Nunca os índices de casos de depressão, síndromes de pânico e fobias das mais variadas ordens foram tão elevados.  Neste rastro, ou em consequência dele, os casos de suicídios vêm aumentando em proporções alarmantes.  Se fizermos uma sobreposição baseados na faixa etária do estudo dos casos de suicídio, com os estudos de utilização das redes sociais, chegaremos a grandes índices de coincidências.

Outra coincidência interessante neste aspecto é que a maioria das pessoas que procura tratamento para depressão, atribui a solidão como sendo o principal motivo de angústia e fator deprimente.  Entretanto, estas mesmas pessoas têm perfis em redes sociais em que contam com uma grande quantidade de “amigos” virtuais.

E assim poderíamos continuar, quase que de forma interminável a traçar paralelos entre estes dois aspectos comportamentais.

Mas meu objetivo não é comprovar ou validar alguma tese.  Meu objetivo é trazer à tona uma reflexão simples e quase óbvia, mas que parece passar desapercebida pela maioria.

Não existem dois mundos paralelos, o real e o das redes sociais!

Não precisamos postar nossas frustrações, nossas tristezas e fraquezas nas redes sociais.  Isso seria autoflagelo e não é para isso que serve o nosso perfil na internet.  Porém, não precisamos e não devemos nos esconder atrás deste mesmo perfil para transparecer uma imagem perfeita para quem interessar possa.

Precisamos entender e aceitar que todos nós temos frustrações, tristezas e fraquezas e que tentar demonstrar o contrário a todo custo o tempo todo é no mínimo desonestidade.  Desonestidade para com os outros e principalmente para com você mesmo.

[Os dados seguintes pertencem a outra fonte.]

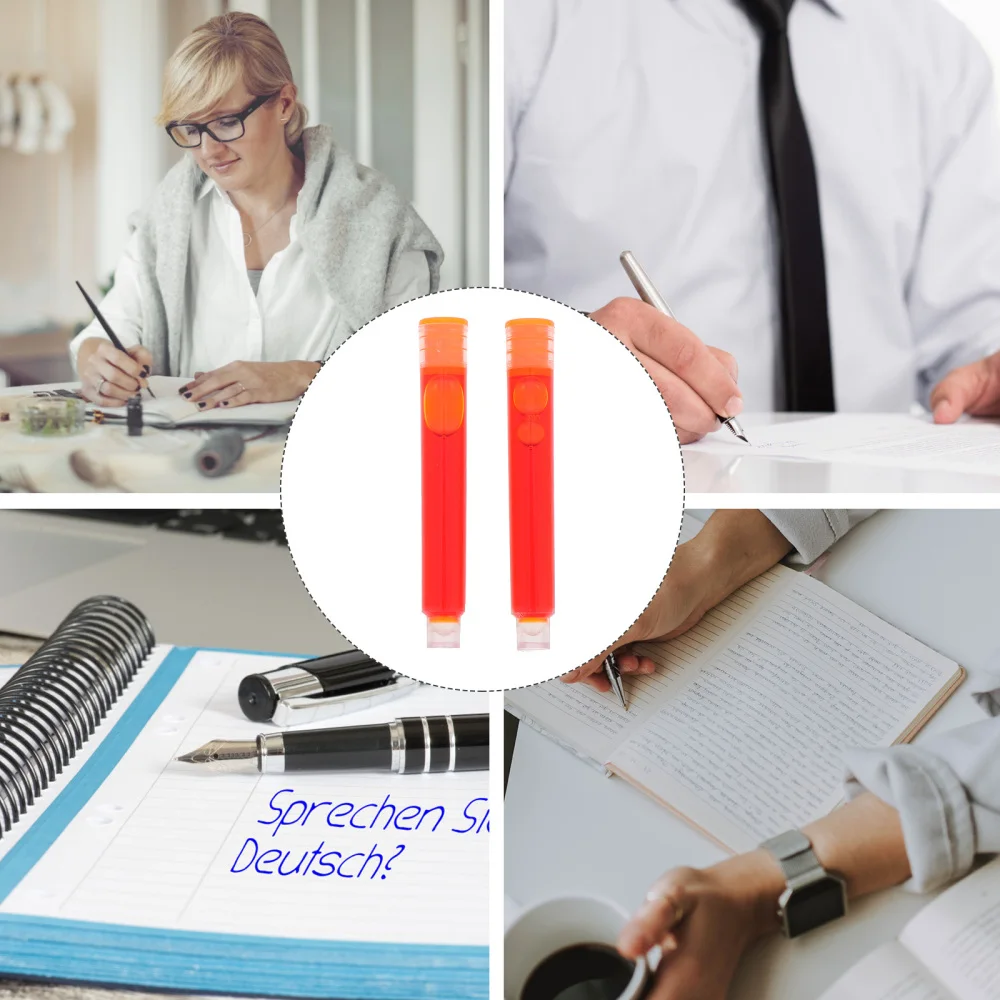 

50pcs Erasable Ink Cartridge Refill Disposable Durable Fountain Drawing Pen Ink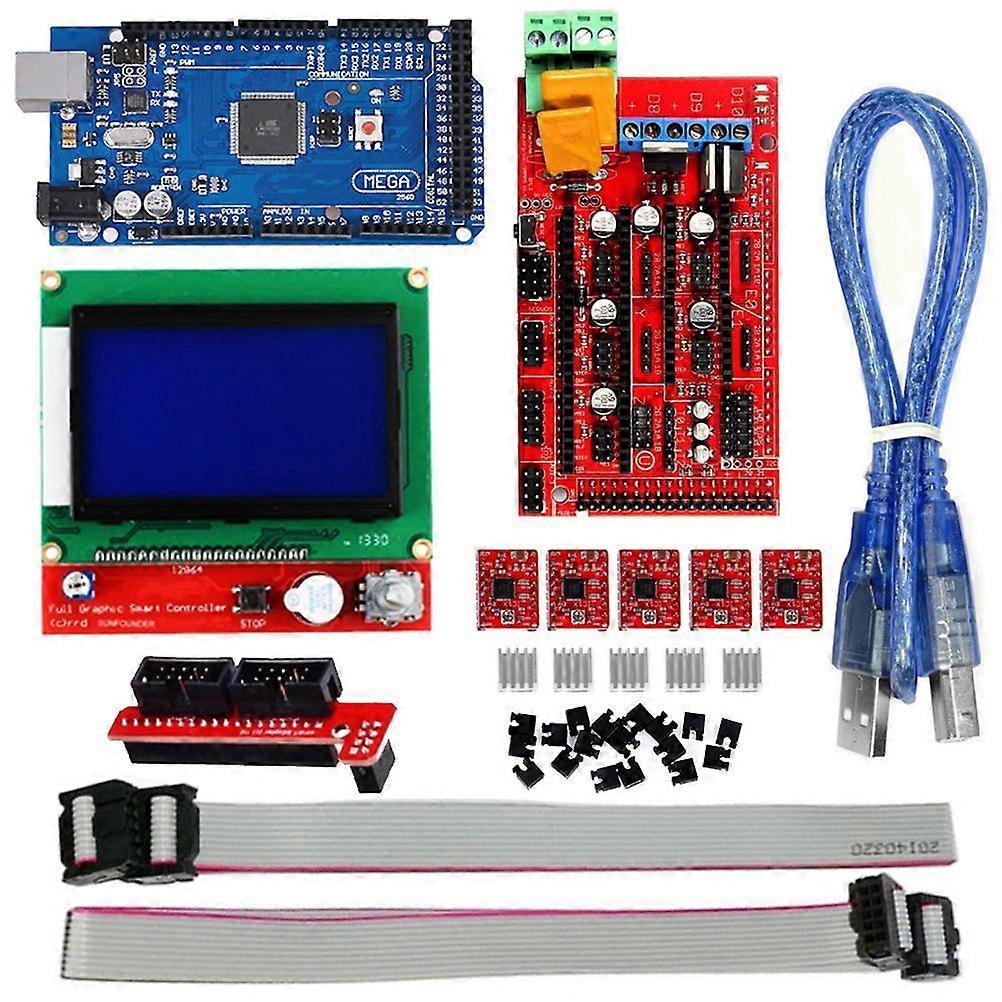 3D Printer Kit with LCD 12864 Graphic Controller 5Pcs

Nosso perfil nas redes sociais deve ser uma ferramenta para tentar de forma sucinta mostrar um pouco de quem somos, o que andamos aprontando e de quais são nossos objetivos e expectativas.  É o seu momento de marketing pessoal.

Uma grande vitrine que nos permite, seja profissionalmente ou por diversão, expandir nossas fronteiras e nos demonstrar para o mundo. A função disto é apenas dar o pontapé inicial na dinâmica que deverá ser continuada de forma a nos aproximar cada vez mais, até que cheguemos no âmbito pessoal.  Cara a cara.

Não se iluda! Ninguém contrata um profissional somente pela análise do perfil na rede social. É um bom começo, verdade, mas certamente haverá um momento em que se fará necessária a entrevista, o meeting, o bate-papo ou como você preferir chamar.  Do mesmo jeito, ninguém em sã consciência toma a decisão de casar-se, morar junto, unir as escovas de dentes, sem no mínimo um encontro físico (às vezes bem físico!)

Precisa ser assim, afinal o mundo é feito de pessoas não de perfis.  E isso a tecnologia não vai mudar.

Cid Vianna assina a Coluna Quarta Ponto Zero, no Inova360, parceiro do portal R7. É diretor de novos negócios do Grupo T2I e apresentador do quadro Quarta Ponto Zero no programa de TV Inova360, na Record News.